铜纳米粒子导热增强固-液相变储能材料的性能

使用聚乙烯吡咯烷酮（PVP）和聚乙二醇（PEG）作为钝化剂对铜纳米颗粒进行原位包覆制备了PVP/PEG/Cu复合纳米粒子（CuNP），将其作为导热增强剂引入到PEG中制备了CuNP/PEG固-液相变储能材料（PCMs），并通过FTIR、XRD、DSC以及TGA等表征了CuNP/PEG固-液PCMs的结构及热性能。利用纳米粒子表面的PVP与PEG之间的氢键和空间位阻效应，以及PVP对铜核的保护作用，赋予了铜纳米粒子在PCMs中优异的分散稳定性。结果表明，CuNP的引入能够显著提高复合相变储能材料的导热能力，并能够作为晶核加速材料的结晶行为。当纳米粒子的质量分数为5%时，CuNP/PEG固-液PCMs的相变焓值为157.0 J/g，体系的储热速率、放热速率和结晶速率与纯PEG相比分别提高了34.09%、31.45%和53.33%。

Properties of solid-liquid phase change materials based on copper nanoaggregates with enhanced thermal conductivity for storing thermal energy

polyvinylpyrrolidone (PVP) and polyethylene glycol (PEG) were used as passivators to prepare PVP/PEG/Cu composite nanoaggregates (CuNP) by in-situ coating copper nanoparticles.
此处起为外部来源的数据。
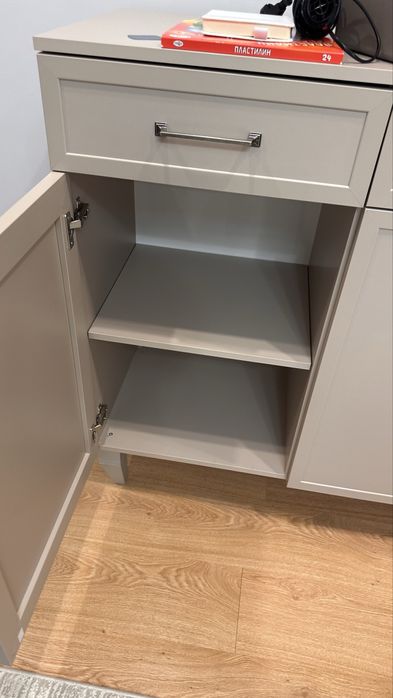 Продаётся стильный и вместительный комод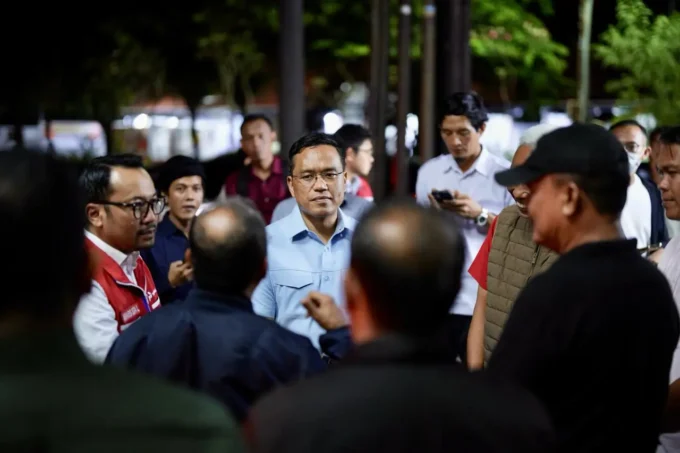 Simon Aloysius Mantiri dan Gubernur Bali I Wayan Koster memantau pemulihan distribusi BBM di Bali. Salin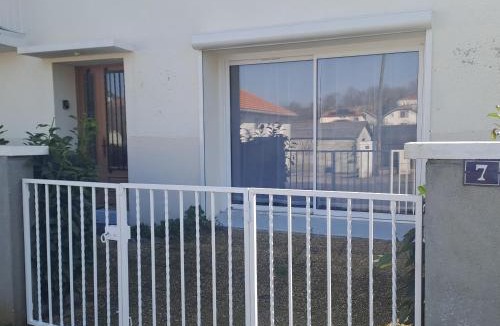 Limoges Apartment | Maison Cosy tout confort, 3 min Clinique et autoroute
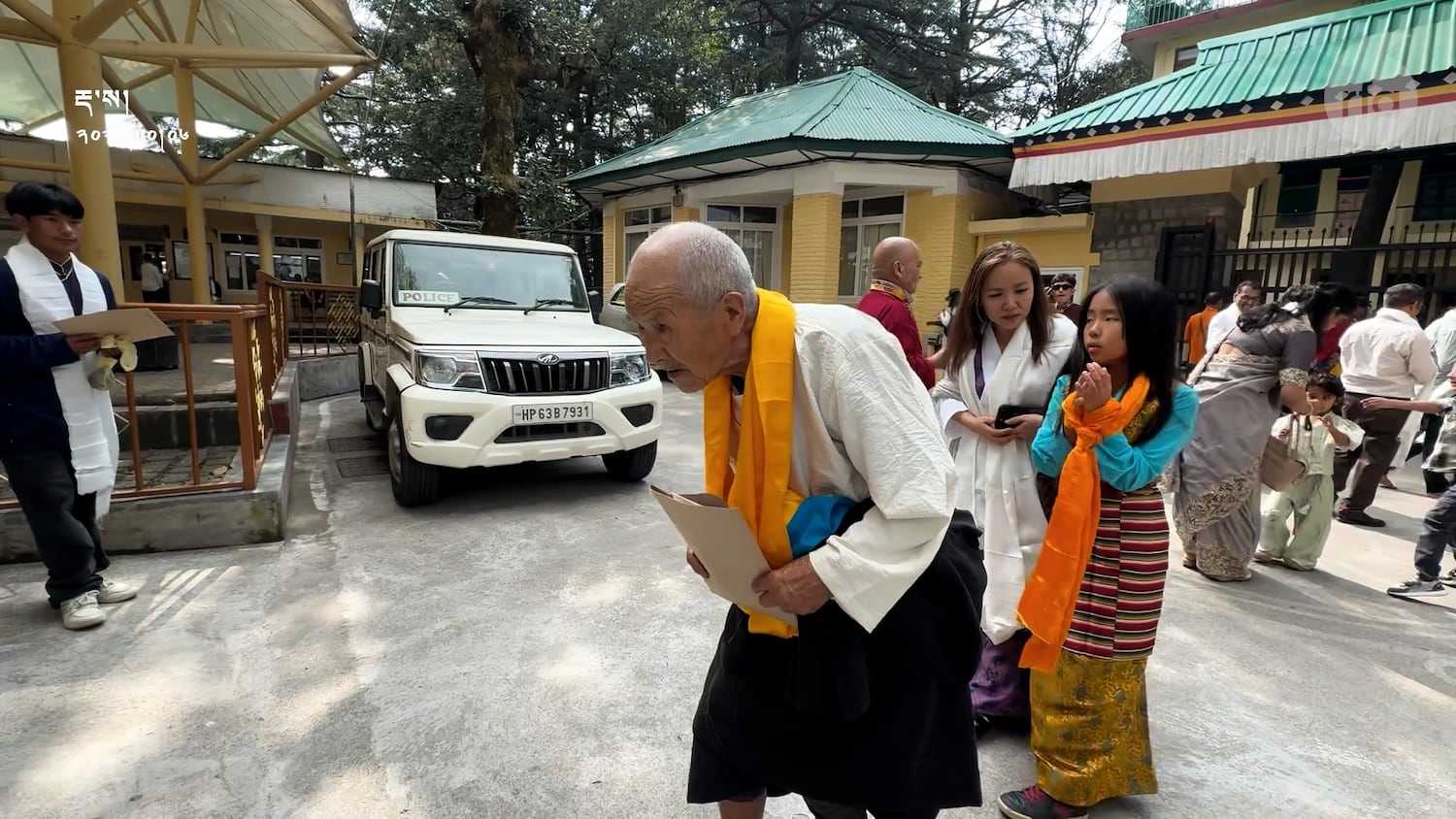 རྒྱལ་སྤྱིའི་ཕུལ་བྱུང་དགེ་རྒན་གྱི་གཟེངས་རྟགས་ཐོབ་མཁན་རཱན་ཇིཏ་སིངྷ་ཌིས་ལེར་མཇལ་ཁ་ཐོབ་པ།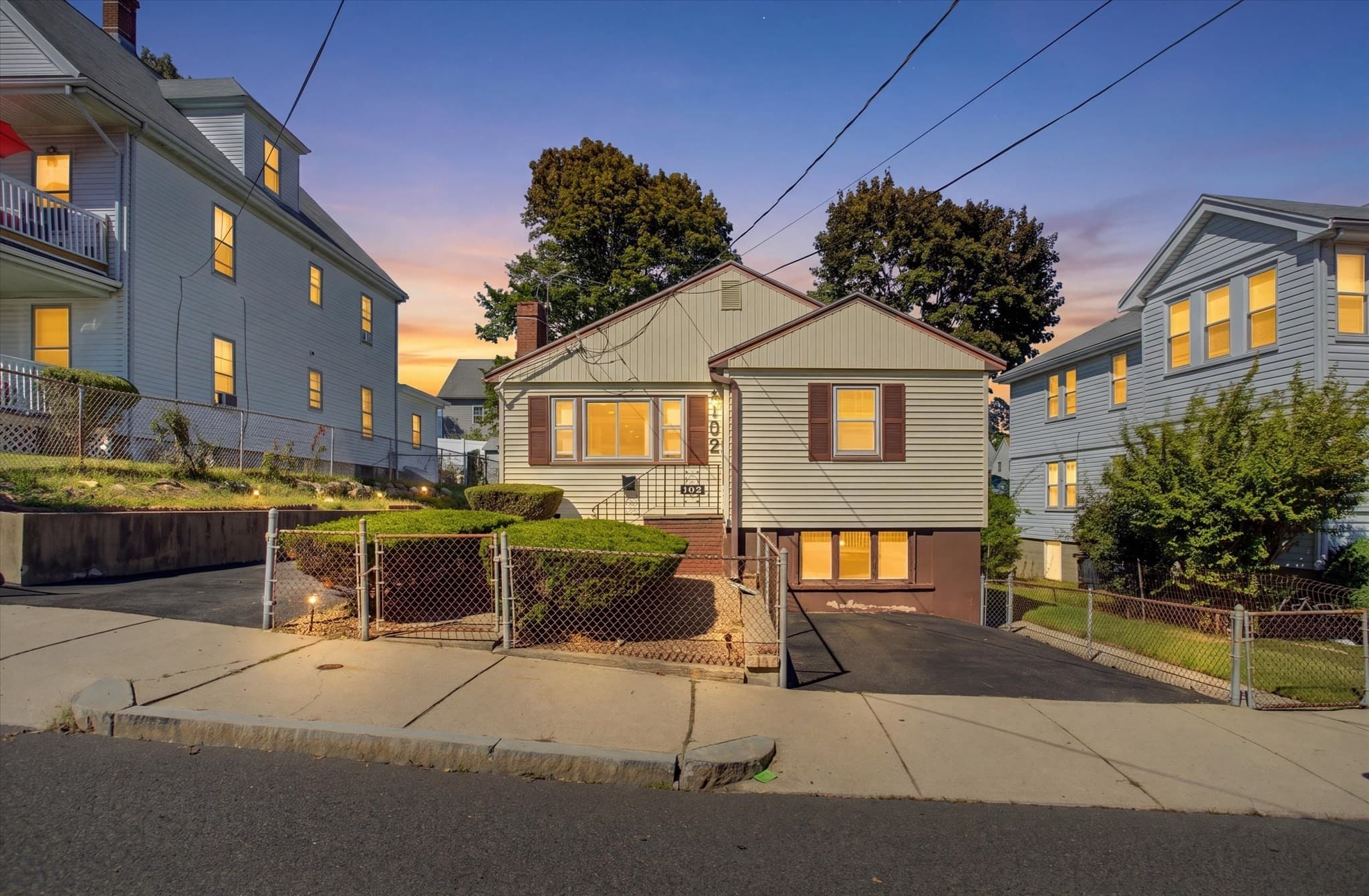 102 Westminster St, Boston MA 02136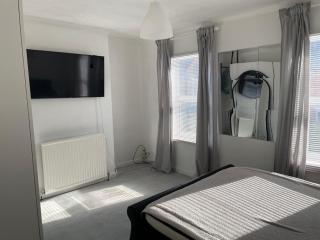 Home in Reading Uni Area - Moffat - 6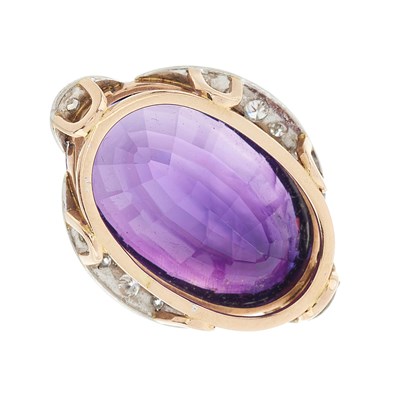 Lot 50 - An amethyst and diamond pendant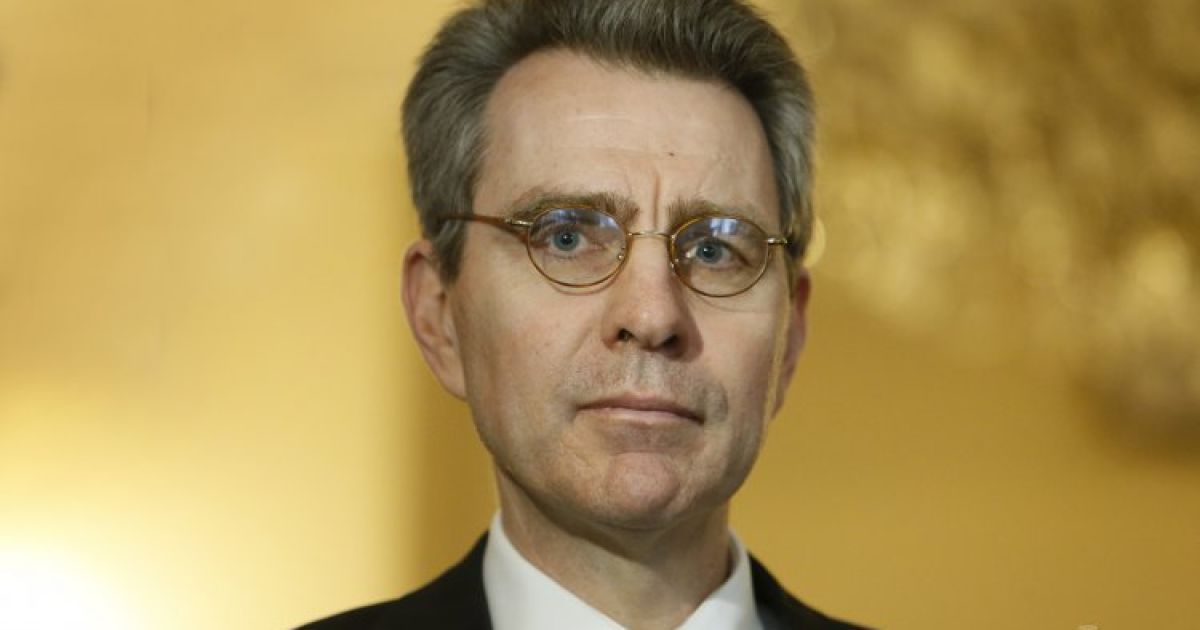 Пайєтт зазначив, що передавачі повинні забезпечити мешканцям Донбасу "доступ до точних, високоякісних новин та інформації".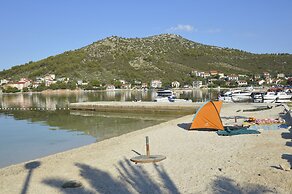 Spacious Seaside Retreat in Poljica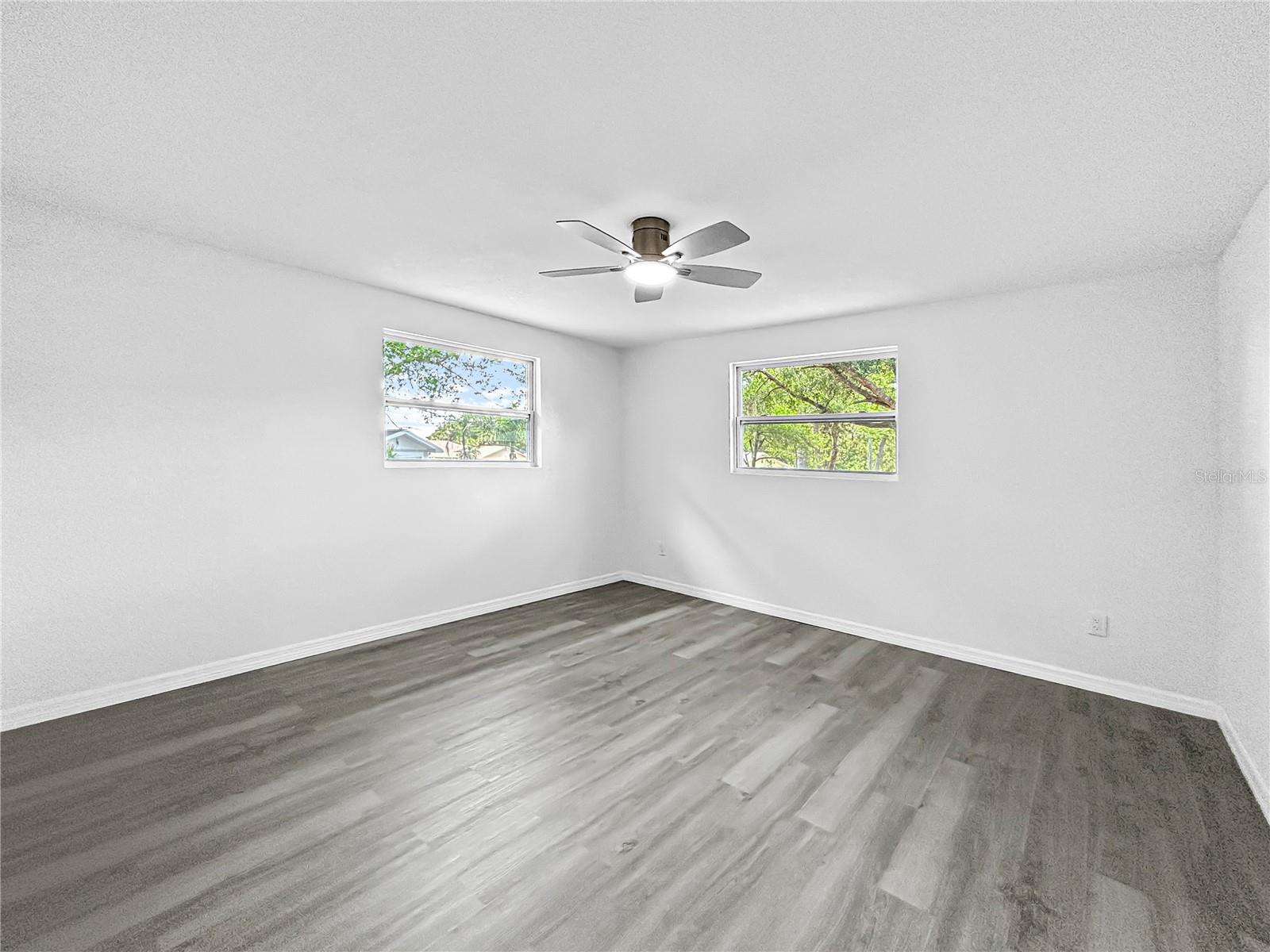 CRYSTAL PARADISE ESTATES UNIT 03 - Residential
Then, CuNP, as a thermal conductivity enhancer, were introduced into the phase change system to prepare CuNP/PEG solid-liquid phase change materials (CuNP/PEG PCMs). FT-IR, XRD, DSC and TGA were used to investigate the interaction and thermal properties of the PCMs. The physical interaction between the PVP coated on the nanoaggregate and the working material PEG, and the protective effect of PVP ensured that the PCMs exhibit stable performance, good thermal cycle stability and service life. The results showed that the introduction of CuNP significantly improved the thermal conductivity of the PCMs and accelerated the crystallization of the working material as a crystal nucleus. When the mass fraction of CuNP was 5%, the phase change enthalpy of the solid-liquid PCMs was 157.0 J/g, and the material also exhibited strong thermal stability under 370°C. The heat accumulation rate, heat release rate, and crystallization rate were increased 34.09%, 31.45%, and 55.33%, respectively, when comparing with the pure PEG.